The fruits of the earlier Synod made us acutely aware that there is a significant percentage of Catholics who feel they no longer belong within the Church.

The current Synod’s questionnaire responses confirmed that in many instances this is because their committed relationship or their family does not fit within the parameters or language the Church usually uses to describe family. Put simply, many Catholics and their loved ones do not recognise themselves in the language we sometimes use to define or describe ourselves.

To use terminology we usually find elsewhere, we have a large community of ‘displaced persons’, ‘refugees’, who have found acceptance outside of the Church. Do we repeat the tired language of ‘they walked away’ or do we feel a stirring within to reimagine the ‘them’ and ‘us’ language?

What is the significance of this Synod in the context of quite dramatically changing structures and mores of marriage and the modern family of today? Is the Church looking to make changes that reflect and accommodate ‘new family profiles’ in the 21st century?

Certainly the look of families is changing.

Think of migrant families without their extended families; daughters or sons, some unmarried, looking after elderly parents; single parents bringing up a child or children who might have felt pressure to terminate the pregnancy; grandparents raising grandchildren, the practice of whāngai.

Some of these people are the very ones who feel they are not on ‘the radar screen’ of Church documents.

The contribution we bring to the world stage is the understanding of marriage and family which comes to us primarily through Jesus Christ and through the beauty of faith, spirituality, and theology.

We are not necessarily experts in sociology and psychology, though faith of course always walks hand in hand with reason.

So, in regard to the Synod it is not so much about us ‘accommodating’ trends as it is about us praying to the Holy Spirit for guidance, evolving our theological insights, and, for example in regard to the origins of homosexuality, learning from the best of evolving scientific knowledge.
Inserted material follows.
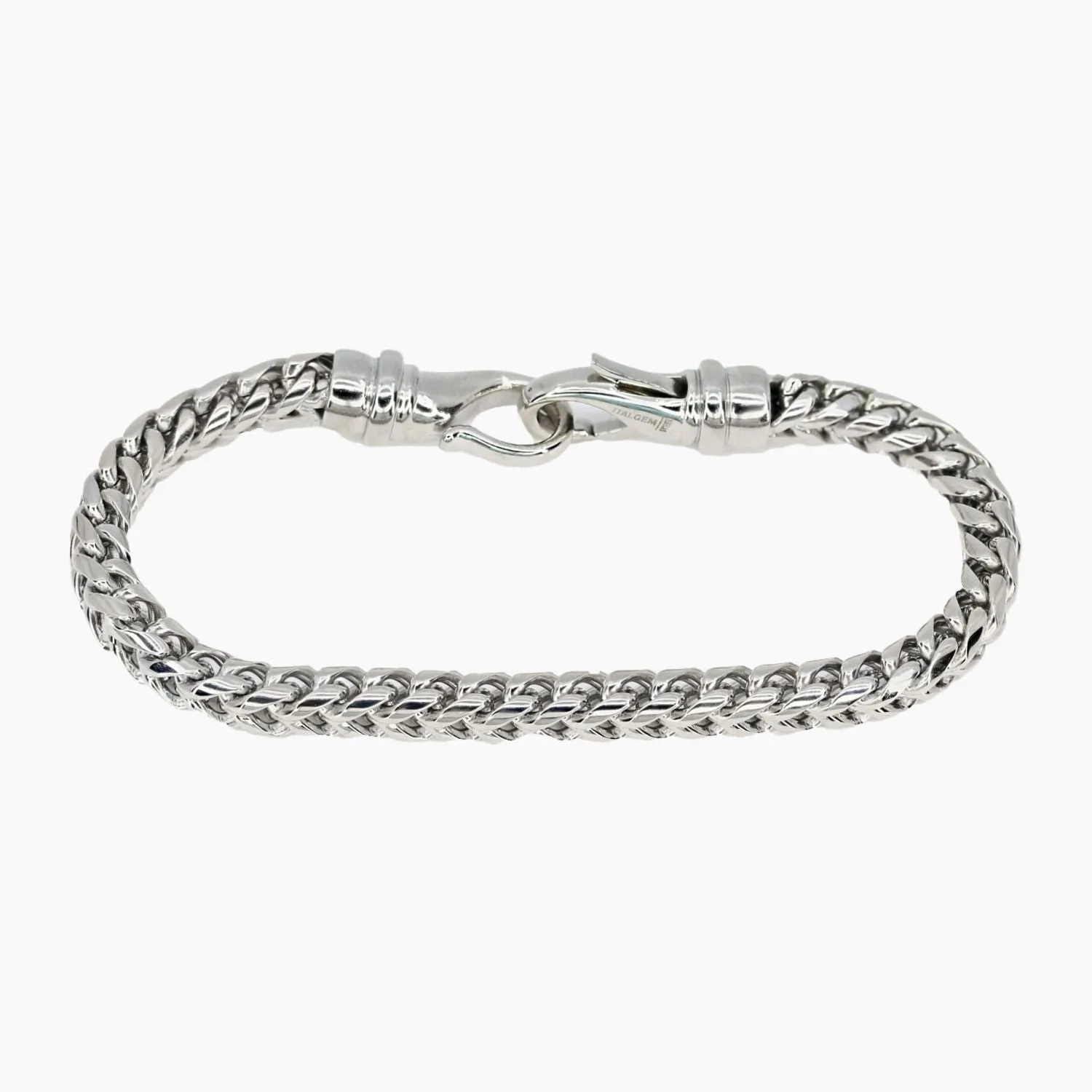 Italgem Stainless Steel Round Franco Men's Bracelet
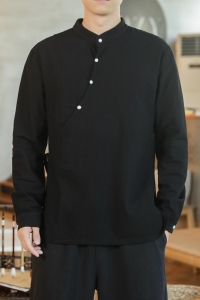 风春秋款棉麻长袖T恤男社会精神小伙衬衣A321-1-CS88-P50图片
Those who say nothing will ever change have scant regard for the work of the Holy Spirit or the mission of theology.

It is the Magisterium which teaches us that we ‘grow in insight’ (Dei Verbum 8).

What, if any, changes are expected in Church teachings as a result of the Synod?

Personally I am not convinced that the Synod process itself is one to launch changes. Rightly, the synod process should air all sorts of views.

And rightly the usual pattern of a teaching document emerging after a Synod is one that takes time. There needs to be a healthy period of distillation.

There may well be theological think tanks that are requested as a fruit of the Synod.

Our pastoral responses and initiatives must always be theologically informed.

Otherwise we run the grave risk of placing ourselves at the centre rather than the wondrous revelation of God, who we already know is infinitely merciful and compassionate.

We don’t need to wait for the Synod to grapple with the fact that many of our people in responding to the questionnaire have said – in a very non-confrontational tone I might add – that in the Church they have experienced judgemental attitudes not a guiding hand to help them take a step ahead.

The Synod is a great sign of hope not because it is an avenue to bet on this or that outcome but because it is a call to humility: the humility that says to each of us, I have more to learn, we are disciples of the one Teacher, come Holy Spirit enlighten us.

On that note, may I take the opportunity, on behalf of my brother Bishops, to thank everyone who contributed to the Synod questionnaire.

Your views and reflections have been well-heard.

The Pope’s advisers

Pope Paul VI established the Synod of Bishops as a permanent Church institution after the close of the Second Vatican Council in 1965, to continue the Council’s spirit of collegiality and communion.

The Synod is an assembly of Bishops chosen by the Pope as an advisory body to him. The Synod provides counsel on important questions facing the Church in a manner that ‘preserves the Church’s teaching and strengthens her internal discipline’ (Code of Canon Law, 342).

Periodically, the Synod holds assemblies, which are either general, if called to consider matters directly concerning the universal Church, or special, if called for problems of a particular geographical area.